Appeals, Nos. 46 and 47, Jan. T., 1960, from decree of Orphans' Court of Berks County, File No. 48198, in re estate of Charles I. Wagner, deceased. Decree reversed. Proceedings on election to take against will. Before MUTH, P.J. Opinion filed striking election to take against will from record, claimant's exceptions dismissed and decree entered. Claimant appealed.
Samuel B. Russell, with him Harold J. Ryan, and Ryan & Russell, for appellant.
Grant E. Wesner, with him D. Frederick Muth, for appellees.
Before Jones, C.j., Bell, Musmanno, Jones, Cohen, Bok and Eagen, JJ.
OPINION BY MR. JUSTICE BOK
The basic question is whether the decedent and the claimant, once his wife, entered into a valid common-law remarriage after their divorce.
Decedent died testate, leaving nothing to the claimant, who asserted marriage and filed her election to take against his will. The court below held that there had been no valid remarriage, vacated the election, and struck it from the record. The claimant has appealed.

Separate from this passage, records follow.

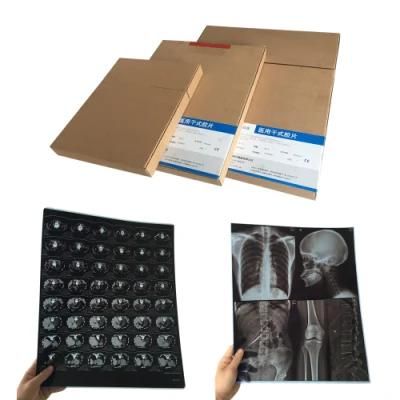 20X25 Cm Medical Dry Film Waterproof Inkjet Blue Film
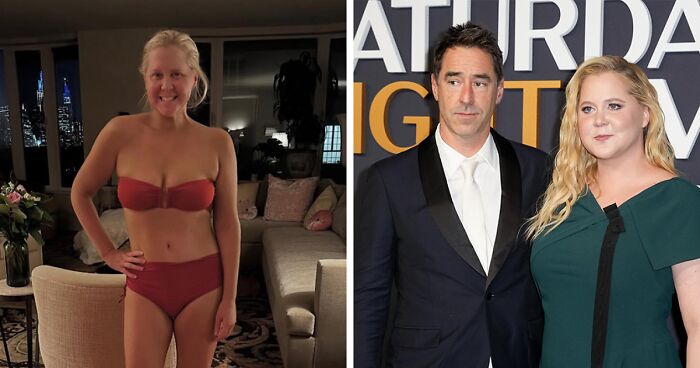 57 Fascinating And Unnerving Medical Photos Not Everyone Can Handle (New Pics)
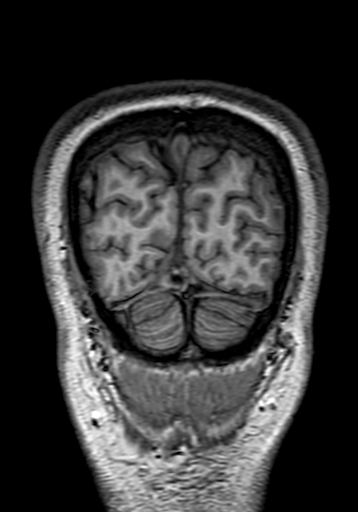 Cerebral arteriovenous malformation at posterior body of corpus callosum (Radiopaedia 74111-84925 Coronal T1 320).jpg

Common law marriage has been well described by President Judge KELLER in Baker v. Mitchell, 143 Pa. Superior Ct. 50, 17 A.2d 738,, as a fruitful source of perjury and fraud. It is to be tolerated and not encouraged, and cohabitation and reputation do not create the marriage but rather are circumstances giving rise to a rebuttable presumption of one.

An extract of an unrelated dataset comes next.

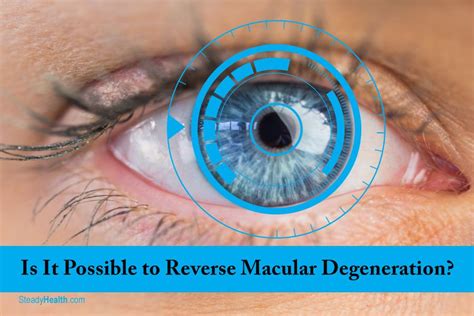 Is It Possible To Reverse Your Macular Degeneration Lasik Eye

These doctrines are familiar enough. We are, however, not dealing with a first marriage but with a remarriage following divorce after twenty years of wedlock. In such case we think that the law's role of mere toleration of the common law relationship should be reversed and the status of remarriage favored, even if acquired with common law informality. If the law allows a spouse, in the generous amount of nine reasons, to establish by divorce that the marriage was a mistake,
it should be at least equally eager to let both spouses discover that their divorce was also a mistake. We regard it better to encourage remarriage than to leave such parties under judicial edict that they were living sinfully together for ten years. If children had been born of this relationship, the wisdom of regularizing it if possible would be all the more apparent.

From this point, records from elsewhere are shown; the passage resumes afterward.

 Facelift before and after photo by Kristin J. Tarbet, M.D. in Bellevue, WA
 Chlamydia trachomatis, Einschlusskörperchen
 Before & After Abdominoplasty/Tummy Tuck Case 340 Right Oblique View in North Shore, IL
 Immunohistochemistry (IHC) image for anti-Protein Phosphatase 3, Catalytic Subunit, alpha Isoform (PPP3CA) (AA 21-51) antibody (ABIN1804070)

The court below did not disbelieve the claimant's witnesses but found the following basic facts: that the parties declared that their divorce was a mistake, that they were going to reunite, and that they were going on a second honeymoon; that they went to a motel in Eagles Mere and registered as husband and wife; and that after returning to Reading, where they had spent their married life, they cohabited there for ten years, from June, 1945, to ...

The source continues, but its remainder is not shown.